Use this component when you wish to acquire data from other sources or extract structured data from text. Most tools in this component include data cleaning components to, for example, detect and/or correct inconsistent data.
Featured Packages
-
FrameIt Semantic Role Labeling
https://github.com/biggorilla-gh/frameit
FrameIt is a system for creating custom frames for text corpora. FrameIt uses Python3 + Spacy2
Features:
– Intent detection for individual sentences using a CNN model
– Entity extraction paired with intents using either CNN or heuristic models
– SRL system allows for loading multiple Frames for intent detection simultaneously, allowing for the differentiation of similar domains
– Easy to train and customize using jupyter notebooks
Evaluation scripts for convenient experimental design and iteration
Functions for all languages supported by Spacy2 modelsDeveloped by Megagon Labs
-
Scrapy
Scrapy is a framework for extracting data from websites. Scrapy can be used to build a crawler or spider to crawl multiple websites and retrieve selected data.
-
Usagi
https://github.com/biggorilla-gh/usagi
Usagi is an open source platform to build data discovery systems. Usagi crawls and extracts metadata about datasets and builds catalogs and indices to make datasets discoverable by search and browsing.
-
pandas
pandas is an open source library providing high-performance, easy-to-use data structures and data analysis tools for Python.
-
JSON
https://docs.python.org/3/library/json.html
The json library parses JSON strings into dictionaries and lists and vice versa.
-
CSV
https://docs.python.org/3/library/csv.html
The csv module implements classes to read and write tabular data in CSV format. It allows programmers to say, “write this data in the format preferred by Excel,” or “read data from this file which was generated by Excel,” without knowing the precise details of the CSV format used by Excel. Programmers can also describe the CSV formats understood by other applications or define their own special-purpose CSV formats.
-
xlrd
https://pypi.python.org/pypi/xlrd
xlrd is a Python package that parses Excel data. It has accompanying packages for writing and formatting information in Excel format.
-
PDFtables
https://pypi.python.org/pypi/pdftables
PDFtables parses PDF files and extracts what it believes to be tables.
-
Slate
https://pypi.python.org/pypi/slate
Slate is a Python package that simplifies the process of extracting text from PDF files. It depends on the PDFMiner package.
-
PDFminer
https://pypi.python.org/pypi/pdfminer/
PDFminer is Python package for extracting information from PDF files into text.

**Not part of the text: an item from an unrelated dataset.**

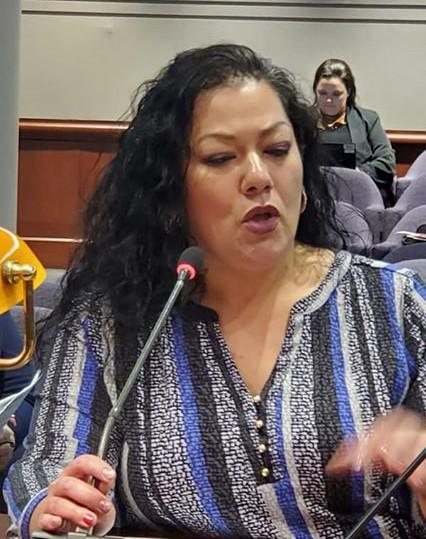 Former Bridgeport school board member says she was Sen. Bradley's victim - Vimarsana News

PDFminer includes a tool that can convert PDF files into HTML in addition to text.
-
Stanford Open IE and the general NLP suite for named entity recognition, relation extraction etc.

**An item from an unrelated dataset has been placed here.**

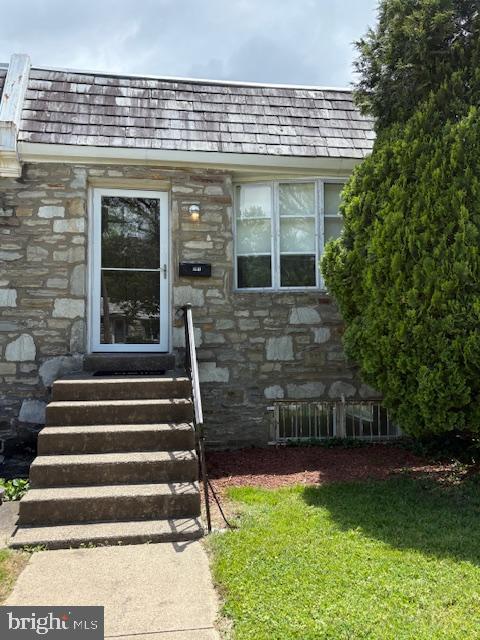 Building Photo - 587 Wanamaker Rd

http://nlp.stanford.edu/software/openie.html
Stanford CoreNLP provides a set of human language technology tools. It can give the base forms of words, their parts of speech, whether they are names of companies, people, etc., normalize dates, times, and numeric quantities, mark up the structure of sentences in terms of phrases and syntactic dependencies, indicate which noun phrases refer to the same entities, indicate sentiment, extract particular or open-class relations between entity mentions, get the quotes people said, etc.
-
KOKO
https://github.com/biggorilla-gh/koko
Koko is an information extraction tool (developed in Python 3) that allows users to query a text corpus and extract those entities that is of interest to them.
-
SpaCy
SpaCy is a library for advanced Natural Language Processing in Python and Cython.
-
Google Cloud Natural Language API
https://cloud.google.com/natural-language/
Google Cloud Natural Language API provides developers with access to Google-powered, machine learning-based text analysis components such as sentiment analysis, entity recognition, and syntax analysis.
-
NLTK
NLTK is an open-source platform for building Python programs to process human language data. It provides easy-to-use interfaces to over 50 corpora and lexical resources such as WordNet, along with a suite of text processing libraries for classification, tokenization, stemming, tagging, parsing, and semantic reasoning. NLTK also provides wrappers for industrial-strength NLP libraries.
-
lxml
Library for processing XML and HTML in the Python language.
-
beautiful soup
Helps easily read and parse Web pages. Great for initial parsing and scraping.
-
Apache Nutch
Apache Nutch is an extensible and scalable open source web crawler written in Java.
-
Data Synthesizer
https://github.com/
DataResponsibly/DataSynthesizer Data Synthesizer can generate a synthetic dataset from a sensitive one for release to public
-
Tweepy
Tweepy is a Python library for accessing the Twitter API to extract tweets.
-
urllib2
https://docs.python.org/2/library/urllib2.html
urllib and urllib2 are part of the Python standard library for making simple HTTP requests to visit web pages and get their content.
-
urllib
https://docs.python.org/2/library/urllib.html
urllib and urllib2 are part of the Python standard library for making simple HTTP requests to visit web pages and get their content.
-
Requests
http://docs.python-requests.org/
Requests is a HTTP library for Python that provides the necessary apis to scrap websites. Requests can make complex requests to visit a page and get content, such as those requiring additional headers, complex POST data, or authentication credentials.
Registered Packages
-
Python Client for Google Maps Services
https://github.com/googlemaps/google-maps-services-python
This library brings the Google Maps API Web Services to your Python application.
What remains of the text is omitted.